Texte intégral
RÉPUBLIQUE FRANÇAISE
AU NOM DU PEUPLE FRANÇAIS
COUR D'APPEL DE PARIS
L. 742-1 et suivants du Code de l'entrée et du séjour
des étrangers et du droit d'asile
ORDONNANCE DU 04 AVRIL 2024
(1 pages)
Numéro d'inscription au répertoire général et de décision : B N° RG 24/01522 - N° Portalis 35L7-V-B7I-CJFQ2
Décision déférée : ordonnance rendue le 01 avril 2024, à 12h12, par le juge des libertés et de la détention du tribunal judiciaire de Paris
Nous, Patricia Dufour, conseiller à la cour d'appel de Paris, agissant par délégation du premier président de cette cour, assistée de Ophanie Kerloc'h, greffière aux débats et au prononcé de l'ordonnance,
APPELANT :
M. [Y] [K]
né le 10 décembre 1984 en Algérie, de nationalité algérienne, dit être né à l'audience à [Localité 2]

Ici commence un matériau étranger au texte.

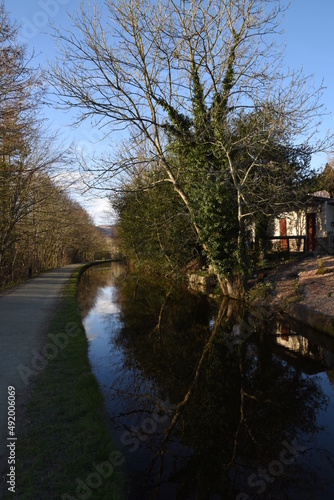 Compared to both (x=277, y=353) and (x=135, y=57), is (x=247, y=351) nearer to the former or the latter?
(x=277, y=353)

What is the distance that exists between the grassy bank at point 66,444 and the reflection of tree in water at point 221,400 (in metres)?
0.72

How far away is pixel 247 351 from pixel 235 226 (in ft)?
21.1

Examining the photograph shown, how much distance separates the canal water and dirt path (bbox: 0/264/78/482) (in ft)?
4.19

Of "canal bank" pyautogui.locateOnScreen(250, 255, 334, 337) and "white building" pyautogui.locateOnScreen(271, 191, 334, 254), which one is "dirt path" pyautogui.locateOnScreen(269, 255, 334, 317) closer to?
"canal bank" pyautogui.locateOnScreen(250, 255, 334, 337)

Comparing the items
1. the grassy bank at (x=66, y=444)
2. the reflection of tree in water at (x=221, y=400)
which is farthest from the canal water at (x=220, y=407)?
the grassy bank at (x=66, y=444)

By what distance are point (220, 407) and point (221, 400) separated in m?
0.24

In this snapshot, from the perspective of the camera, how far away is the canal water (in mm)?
3613

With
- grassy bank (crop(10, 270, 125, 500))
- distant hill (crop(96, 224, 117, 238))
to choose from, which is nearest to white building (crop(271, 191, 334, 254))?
grassy bank (crop(10, 270, 125, 500))

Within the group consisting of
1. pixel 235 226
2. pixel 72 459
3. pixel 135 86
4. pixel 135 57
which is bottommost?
pixel 72 459

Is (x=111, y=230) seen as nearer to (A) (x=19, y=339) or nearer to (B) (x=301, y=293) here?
(B) (x=301, y=293)

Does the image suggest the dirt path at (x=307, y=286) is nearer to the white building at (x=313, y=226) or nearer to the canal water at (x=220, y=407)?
the canal water at (x=220, y=407)

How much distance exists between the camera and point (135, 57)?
1273 cm

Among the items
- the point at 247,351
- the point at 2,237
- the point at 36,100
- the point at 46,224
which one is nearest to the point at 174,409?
the point at 247,351

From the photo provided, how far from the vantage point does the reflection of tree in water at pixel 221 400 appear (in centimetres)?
379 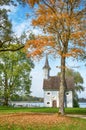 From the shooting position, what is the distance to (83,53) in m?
25.8

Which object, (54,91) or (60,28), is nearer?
(60,28)

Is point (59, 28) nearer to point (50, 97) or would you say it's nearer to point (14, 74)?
point (14, 74)

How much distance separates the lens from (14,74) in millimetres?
61344

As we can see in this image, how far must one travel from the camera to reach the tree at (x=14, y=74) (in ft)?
203

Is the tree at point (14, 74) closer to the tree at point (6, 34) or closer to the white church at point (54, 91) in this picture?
the white church at point (54, 91)

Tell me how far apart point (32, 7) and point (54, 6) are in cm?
207

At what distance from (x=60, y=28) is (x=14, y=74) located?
3612cm

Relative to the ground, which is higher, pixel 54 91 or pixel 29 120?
pixel 54 91

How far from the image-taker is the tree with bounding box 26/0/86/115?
25.3m

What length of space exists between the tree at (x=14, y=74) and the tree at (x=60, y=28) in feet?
115

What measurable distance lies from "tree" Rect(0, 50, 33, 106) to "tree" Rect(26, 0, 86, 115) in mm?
35195

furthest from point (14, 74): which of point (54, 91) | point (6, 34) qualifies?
point (6, 34)

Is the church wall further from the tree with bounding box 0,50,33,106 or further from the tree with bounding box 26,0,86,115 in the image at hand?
the tree with bounding box 26,0,86,115

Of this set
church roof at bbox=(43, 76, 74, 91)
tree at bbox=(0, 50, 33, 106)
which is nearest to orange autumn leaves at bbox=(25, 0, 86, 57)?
tree at bbox=(0, 50, 33, 106) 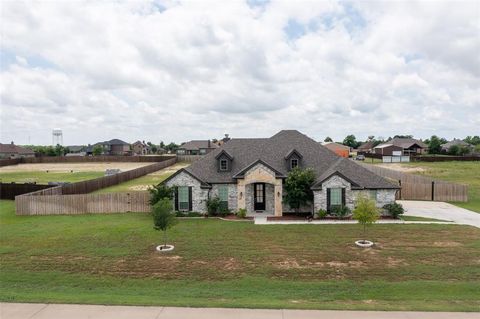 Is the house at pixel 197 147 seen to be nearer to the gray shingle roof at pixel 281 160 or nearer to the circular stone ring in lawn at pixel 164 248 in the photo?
the gray shingle roof at pixel 281 160

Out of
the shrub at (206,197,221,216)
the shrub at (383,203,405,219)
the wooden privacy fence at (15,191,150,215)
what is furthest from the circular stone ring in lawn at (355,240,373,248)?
the wooden privacy fence at (15,191,150,215)

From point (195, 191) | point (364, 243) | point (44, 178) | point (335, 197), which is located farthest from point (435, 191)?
point (44, 178)

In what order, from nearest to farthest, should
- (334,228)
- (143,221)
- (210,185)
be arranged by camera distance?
1. (334,228)
2. (143,221)
3. (210,185)

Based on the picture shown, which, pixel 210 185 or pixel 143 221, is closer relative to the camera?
pixel 143 221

RETENU au centre de rétention : [1]
assisté de Me Agathe Fadier, avocat de permanence au barreau de Paris et de Mme [C] [T] (Interprète en arabe) tout au long de la procédure devant la cour et de Mme [P] [Z] (interprète en arabe) lors de la notification de la présente ordonnance, serment préalablement prêté
INTIMÉ :
LE PREFET DE POLICE
représenté par Me Sophie Schwilden du groupement Gabet / Schwilden, avocats au barreau de Seine-Saint-Denis
MINISTÈRE PUBLIC, avisé de la date et de l'heure de l'audience
ORDONNANCE :
- contradictoire
- prononcée en audience publique
- Vu l'ordonnance du 01 avril 2024 du juge des libertés et de la détention du tribunal judiciaire de Paris ordonnant la prolongation du maintien de M. [Y] [K], dans les locaux ne relevant pas de l'administration pénitentiaire, pour une durée maximale de 15 jours, soit jusqu'au 16 avril 2024 ;
- Vu l'appel motivé interjeté le 02 avril 2024, à 18h21, par M. [Y] [K] ;
- Après avoir entendu les observations :
- de M. [Y] [K], assisté de son avocat, qui demande l'infirmation de l'ordonnance ;
- du conseil du préfet de police tendant à la confirmation de l'ordonnance ;
SUR QUOI,
Il convient de considérer que c'est par une analyse circonstanciée et des motifs particulièrement pertinents qu'il y a lieu d'adopter que le premier juge a statué sur les moyens soulevés devant lui par M. [Y] [K] et a ordonné la quatrième prolongation de sa rétention pour une durée de quinze jours, y ajoutant au regard des dispositions précitées telles que résultant de la loi immigration du 26 décembre 2024 s'agissant de la menace pour l'ordre public, que cette notion fait l'objet d'une appréciation in concreto au regard d'un faisceau d'indices permettant ou non d'établir la réalité des faits, la gravité, la récurrence ou la réitération et l'actualité de la menace selon le comportement de l'intéressé et, le cas échéant, sa volonté d'insertion ou de réhabilitation.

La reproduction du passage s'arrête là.